My first cousin Michel is visiting from Copenhagen (Denmark) with his adorable (and gorgeous) wife AnneLise and their four children; a day in Sidon was in order.
After all, Sidon is considered the most important city in the South; occupied by the Crusaders (and many others), it boasts a sea castle, a palace, souks, a caravanserail, a soap museum, hammams, several ancient mosques, Greek Orthodox and Melkite cathedrals, an ancient synagogue; Christ is said to have preached there. In addition to all of these historical facts, it is a city dear to me, because it is where part of my family was established for several generations and where my grandparents are buried.
Unlike Beirut which is rapidly losing its character as a Levantine city, Sidon has retained its middle-eastern cachet; for one thing, there were no tourists save for us! When we finished touring and had worked up an appetite, we remained in the old souk teeming with local Sidonites, ordered a falafel sandwich for each one of us and sat down to savor it; it was light yet filling and absolutely not greasy; the tarator (tahini) sauce was a perfect balance of creamy and garlicky and citrusy.

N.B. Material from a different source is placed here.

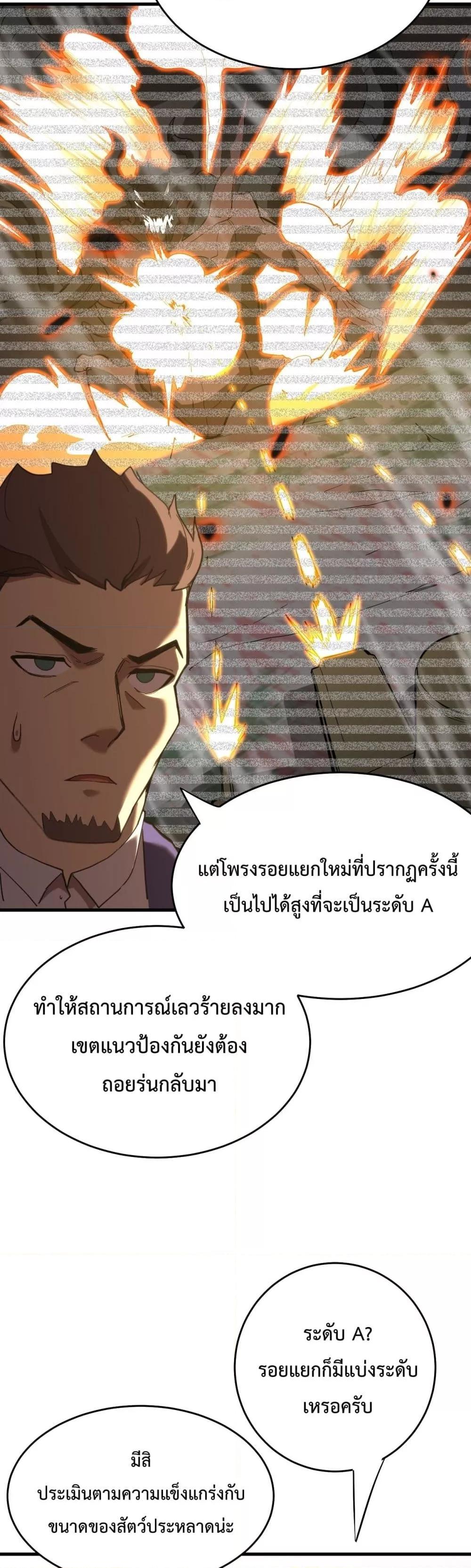 Logging 10,000 Years into the Future Chap 121 - Next Chap 122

Price for one was LBP 1500 or one dollar!
NOTE: For a falafel sandwich recipe, click here.
A foodie-related fact: the Crusaders took back with them the tradition of sweetening food with the sugar cane, which was prevalent in Sidon; prior to this, they only used honey.
What to get in Sidon?
A bottle of orange blossom water, which is made locally from the blossoms of the bousfeir oranges; several soaps from the museum, including the one made with laurel leaves, extremely fragrant and beneficial for one’s skin; and if you like Arabic pastries, a stop at Al-Baba Sweets is in order, for some Arabic ice-cream flavored with pistachios or mandarin and an assortment of baklavas and pastries of all types.